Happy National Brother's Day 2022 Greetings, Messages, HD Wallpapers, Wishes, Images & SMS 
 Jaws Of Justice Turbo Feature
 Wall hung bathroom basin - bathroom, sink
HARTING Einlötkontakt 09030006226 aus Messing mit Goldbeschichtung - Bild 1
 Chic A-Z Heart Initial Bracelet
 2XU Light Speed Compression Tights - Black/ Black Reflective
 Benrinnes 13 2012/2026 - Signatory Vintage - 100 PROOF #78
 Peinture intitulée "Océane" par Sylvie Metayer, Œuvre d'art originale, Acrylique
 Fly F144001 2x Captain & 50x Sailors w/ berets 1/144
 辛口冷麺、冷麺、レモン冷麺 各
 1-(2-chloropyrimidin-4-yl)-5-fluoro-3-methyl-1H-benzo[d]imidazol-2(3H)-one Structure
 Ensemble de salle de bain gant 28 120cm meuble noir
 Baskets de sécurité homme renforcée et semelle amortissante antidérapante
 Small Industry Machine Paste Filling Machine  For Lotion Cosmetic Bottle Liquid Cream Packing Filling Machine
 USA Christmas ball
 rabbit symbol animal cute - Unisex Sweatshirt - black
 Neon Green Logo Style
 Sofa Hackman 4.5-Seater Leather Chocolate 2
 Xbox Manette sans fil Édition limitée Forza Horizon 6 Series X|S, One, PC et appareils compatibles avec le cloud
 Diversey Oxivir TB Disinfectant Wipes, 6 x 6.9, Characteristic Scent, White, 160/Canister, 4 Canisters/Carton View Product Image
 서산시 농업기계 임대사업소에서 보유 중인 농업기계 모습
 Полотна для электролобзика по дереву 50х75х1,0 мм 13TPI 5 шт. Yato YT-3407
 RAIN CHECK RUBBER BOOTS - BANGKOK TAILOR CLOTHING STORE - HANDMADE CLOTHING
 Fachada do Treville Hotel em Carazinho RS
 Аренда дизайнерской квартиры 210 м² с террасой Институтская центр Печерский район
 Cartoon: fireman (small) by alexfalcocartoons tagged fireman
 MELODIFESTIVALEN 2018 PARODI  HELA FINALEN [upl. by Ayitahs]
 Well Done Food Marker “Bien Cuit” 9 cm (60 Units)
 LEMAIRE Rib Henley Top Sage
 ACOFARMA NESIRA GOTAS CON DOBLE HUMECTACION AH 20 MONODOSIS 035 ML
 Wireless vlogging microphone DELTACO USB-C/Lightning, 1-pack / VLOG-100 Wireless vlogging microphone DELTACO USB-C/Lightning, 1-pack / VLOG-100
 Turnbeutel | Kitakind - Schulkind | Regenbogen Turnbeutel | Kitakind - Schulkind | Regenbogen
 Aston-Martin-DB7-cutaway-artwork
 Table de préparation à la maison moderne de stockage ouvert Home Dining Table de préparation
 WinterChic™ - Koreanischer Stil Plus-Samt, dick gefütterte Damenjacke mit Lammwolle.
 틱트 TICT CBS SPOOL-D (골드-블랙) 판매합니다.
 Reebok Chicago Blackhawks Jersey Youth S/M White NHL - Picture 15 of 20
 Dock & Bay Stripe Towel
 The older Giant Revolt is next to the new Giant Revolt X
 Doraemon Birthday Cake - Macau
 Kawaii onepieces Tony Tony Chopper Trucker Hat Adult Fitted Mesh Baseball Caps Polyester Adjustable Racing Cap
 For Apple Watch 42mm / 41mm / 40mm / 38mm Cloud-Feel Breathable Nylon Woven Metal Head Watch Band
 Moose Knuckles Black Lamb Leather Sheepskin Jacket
--------------------------------
There is a run of lines above from the one with "Полотна для электролобзика" to the one with "Aston-Martin-DB7-cutaway-artwork"; print exactly that run, both ends included, and nothing else.

§ **RESULT**
 Полотна для электролобзика по дереву 50х75х1,0 мм 13TPI 5 шт. Yato YT-3407
 RAIN CHECK RUBBER BOOTS - BANGKOK TAILOR CLOTHING STORE - HANDMADE CLOTHING
 Fachada do Treville Hotel em Carazinho RS
 Аренда дизайнерской квартиры 210 м² с террасой Институтская центр Печерский район
 Cartoon: fireman (small) by alexfalcocartoons tagged fireman
 MELODIFESTIVALEN 2018 PARODI  HELA FINALEN [upl. by Ayitahs]
 Well Done Food Marker “Bien Cuit” 9 cm (60 Units)
 LEMAIRE Rib Henley Top Sage
 ACOFARMA NESIRA GOTAS CON DOBLE HUMECTACION AH 20 MONODOSIS 035 ML
 Wireless vlogging microphone DELTACO USB-C/Lightning, 1-pack / VLOG-100 Wireless vlogging microphone DELTACO USB-C/Lightning, 1-pack / VLOG-100
 Turnbeutel | Kitakind - Schulkind | Regenbogen Turnbeutel | Kitakind - Schulkind | Regenbogen
 Aston-Martin-DB7-cutaway-artwork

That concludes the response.